_What is being asked:_ Retype the listing exactly, with no images.

_Data block:_
■ ■ ■ ■

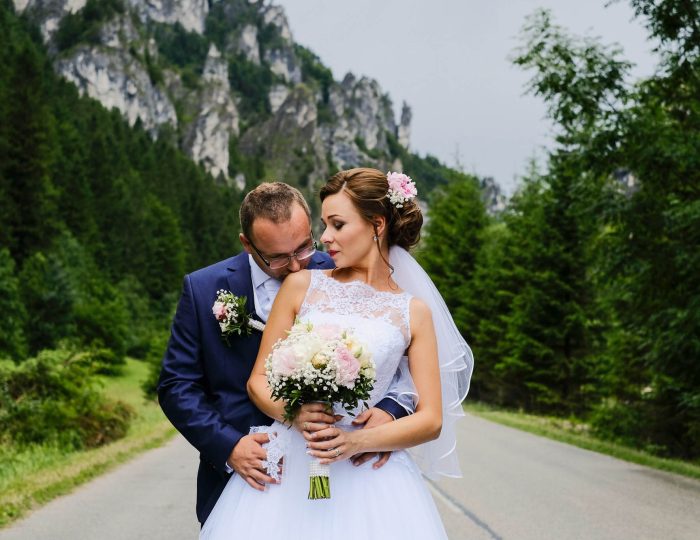 svadobny-portret-lukas-hodon-media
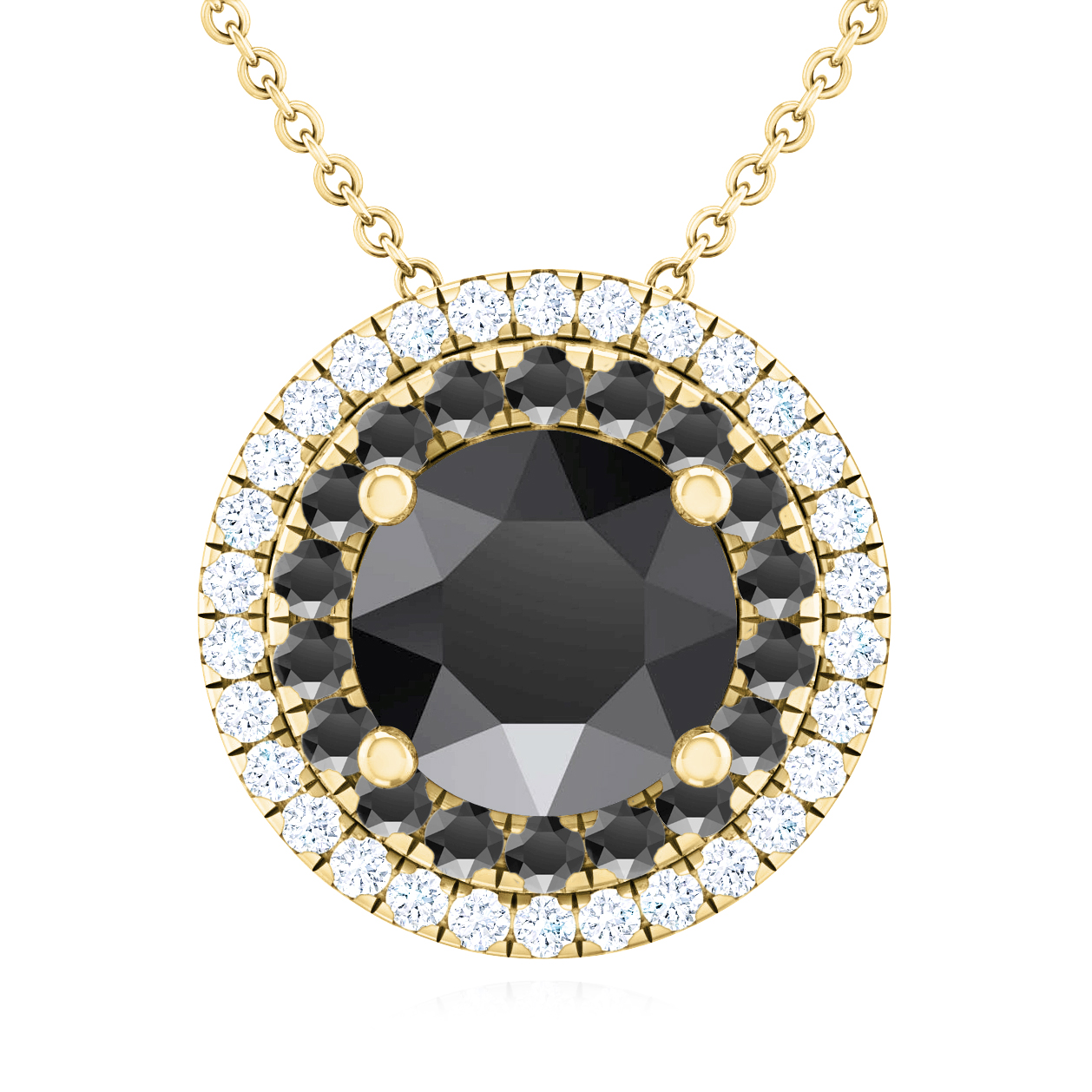 https://www.goldiam.co.il/sites/default/files/T4417T_yellowgold_blackdiamond_0.jpg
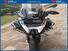 Bmw R 1200 GS Adventure (2013 - 16) (6)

■ ■ ■ ■

_Exercise result:_
 svadobny-portret-lukas-hodon-media
 https://www.goldiam.co.il/sites/default/files/T4417T_yellowgold_blackdiamond_0.jpg
 Bmw R 1200 GS Adventure (2013 - 16) (6)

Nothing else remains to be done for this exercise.